Task instructions:
The lines below, from the one holding "Hey everybody, Justin" through the one holding "A lot of USB", are to be restated word for word, with all images left out.

Given records:
★ ★ ★ ★

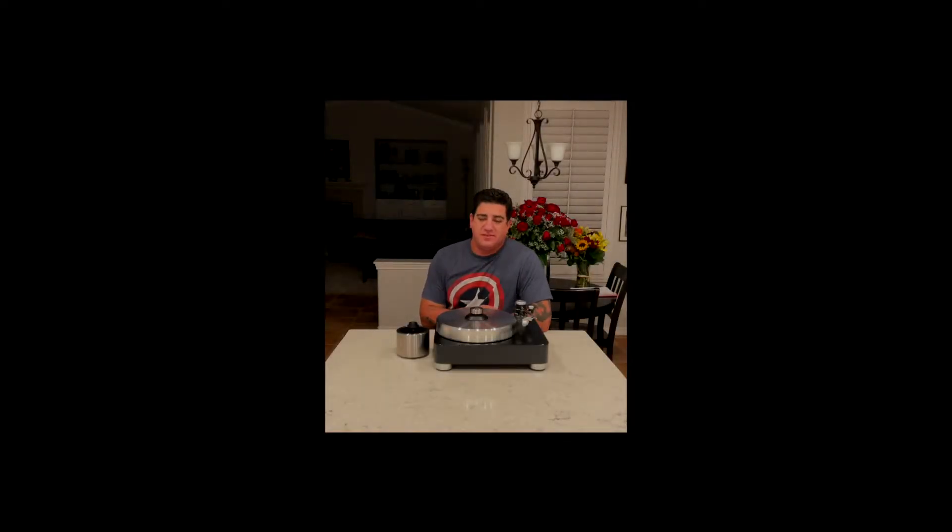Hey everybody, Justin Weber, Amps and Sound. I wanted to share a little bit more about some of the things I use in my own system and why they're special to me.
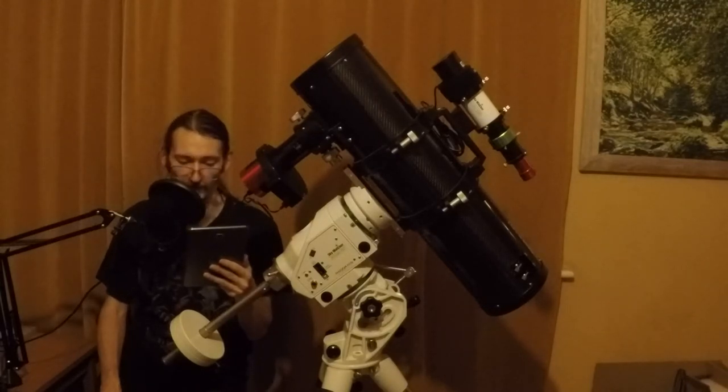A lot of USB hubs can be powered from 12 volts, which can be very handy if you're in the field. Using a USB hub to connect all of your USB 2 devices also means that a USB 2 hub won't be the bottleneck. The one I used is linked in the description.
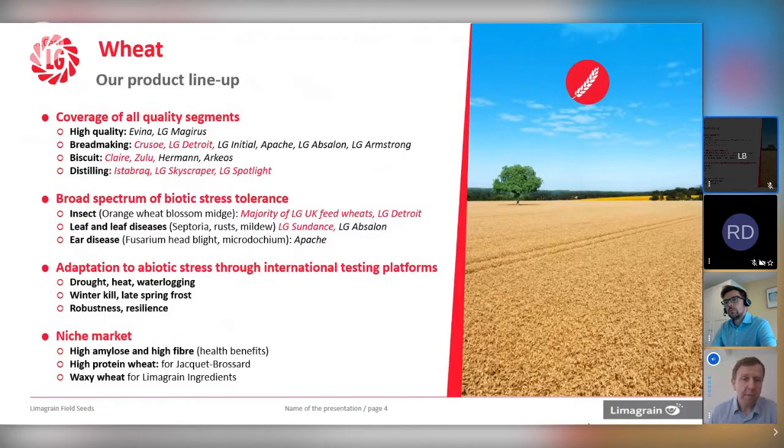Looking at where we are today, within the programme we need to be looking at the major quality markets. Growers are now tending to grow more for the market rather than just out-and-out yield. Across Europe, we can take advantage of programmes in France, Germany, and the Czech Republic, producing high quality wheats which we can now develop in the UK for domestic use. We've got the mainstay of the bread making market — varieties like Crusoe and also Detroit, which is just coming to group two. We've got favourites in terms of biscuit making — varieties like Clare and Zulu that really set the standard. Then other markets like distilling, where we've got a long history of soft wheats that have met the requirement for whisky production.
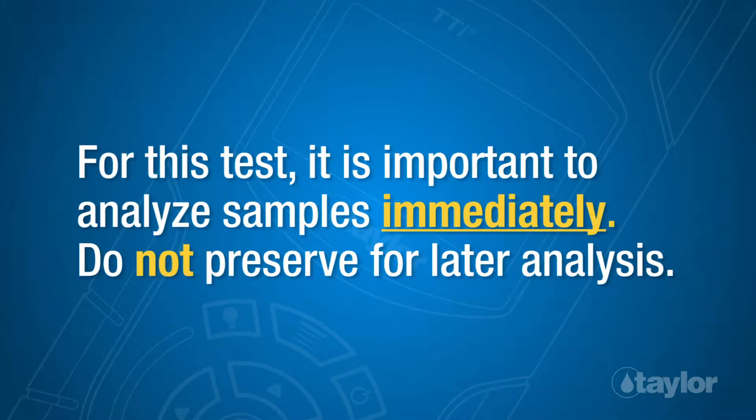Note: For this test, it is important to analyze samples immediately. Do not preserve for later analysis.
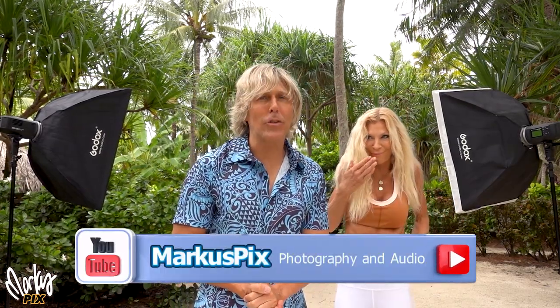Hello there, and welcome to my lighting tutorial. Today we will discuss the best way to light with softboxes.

★ ★ ★ ★

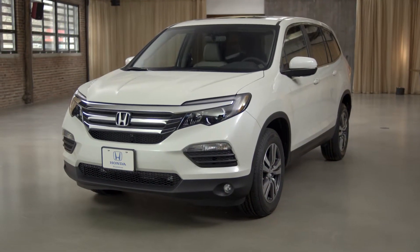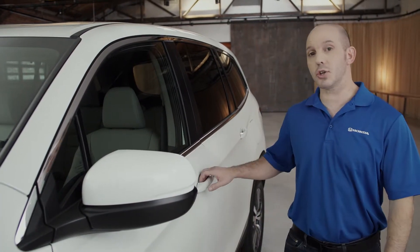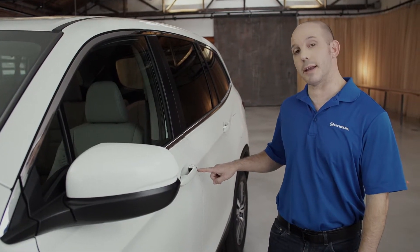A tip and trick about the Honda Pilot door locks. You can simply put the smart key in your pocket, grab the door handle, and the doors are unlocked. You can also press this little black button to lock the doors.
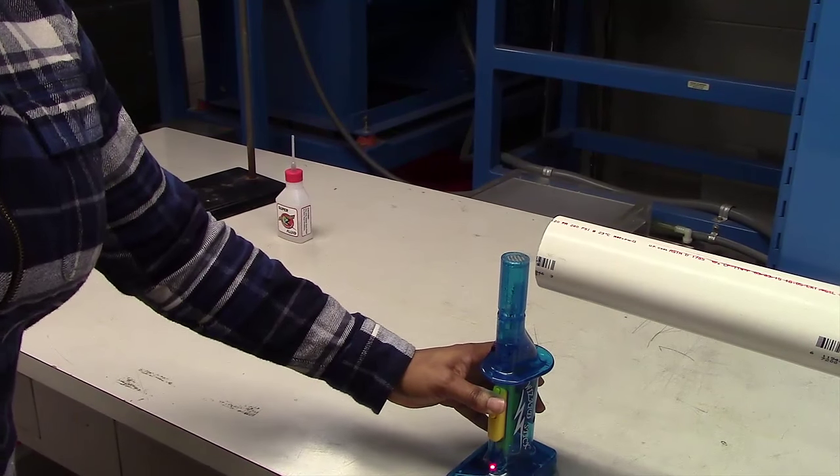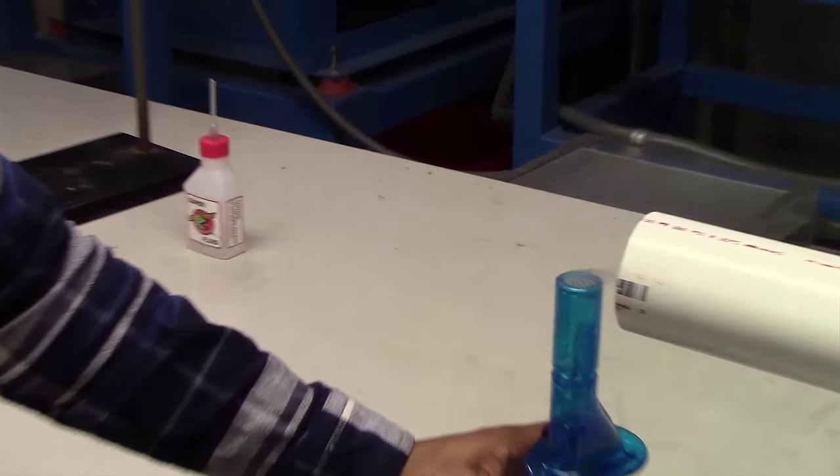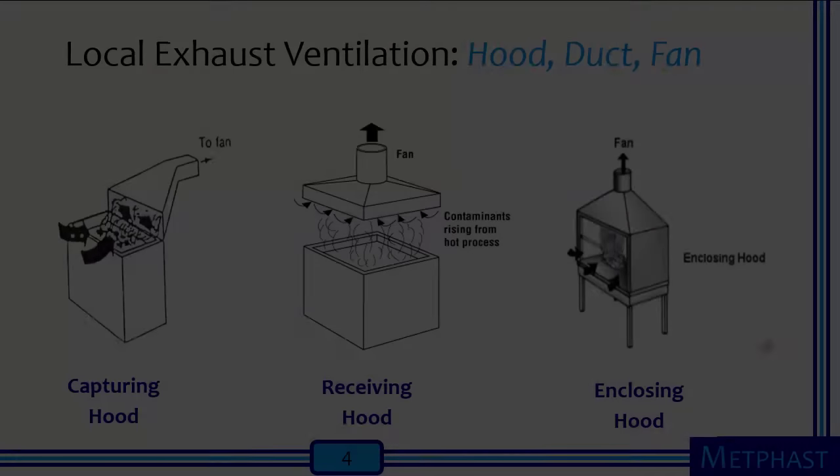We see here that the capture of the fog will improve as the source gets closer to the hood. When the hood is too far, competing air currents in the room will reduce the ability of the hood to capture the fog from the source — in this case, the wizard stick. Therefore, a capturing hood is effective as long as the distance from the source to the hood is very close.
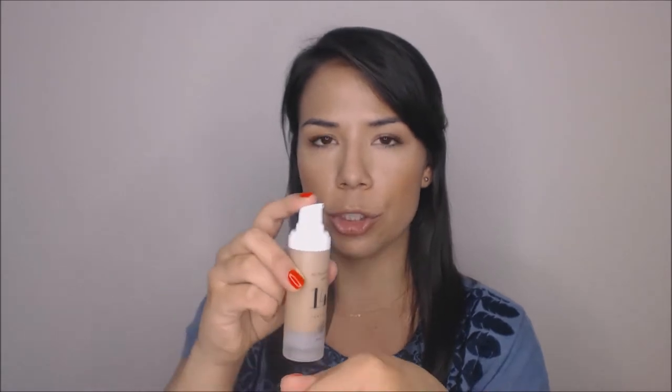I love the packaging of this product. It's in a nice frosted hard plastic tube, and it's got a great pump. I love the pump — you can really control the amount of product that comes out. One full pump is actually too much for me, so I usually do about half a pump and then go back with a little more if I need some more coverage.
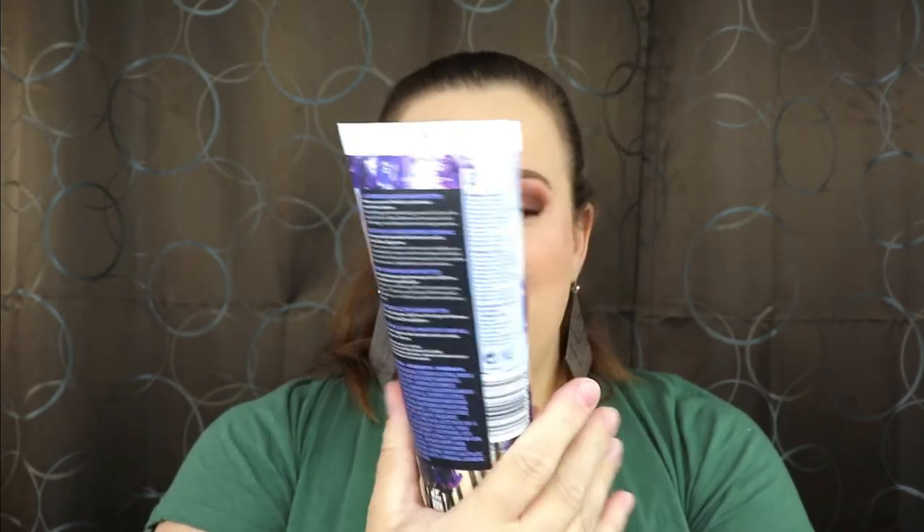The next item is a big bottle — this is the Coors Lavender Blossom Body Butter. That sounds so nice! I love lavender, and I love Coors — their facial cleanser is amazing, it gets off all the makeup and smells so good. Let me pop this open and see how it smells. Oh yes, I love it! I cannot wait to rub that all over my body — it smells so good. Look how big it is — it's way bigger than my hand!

★ ★ ★ ★

Answer section:
Hey everybody, Justin Weber, Amps and Sound. I wanted to share a little bit more about some of the things I use in my own system and why they're special to me.
A lot of USB hubs can be powered from 12 volts, which can be very handy if you're in the field. Using a USB hub to connect all of your USB 2 devices also means that a USB 2 hub won't be the bottleneck. The one I used is linked in the description.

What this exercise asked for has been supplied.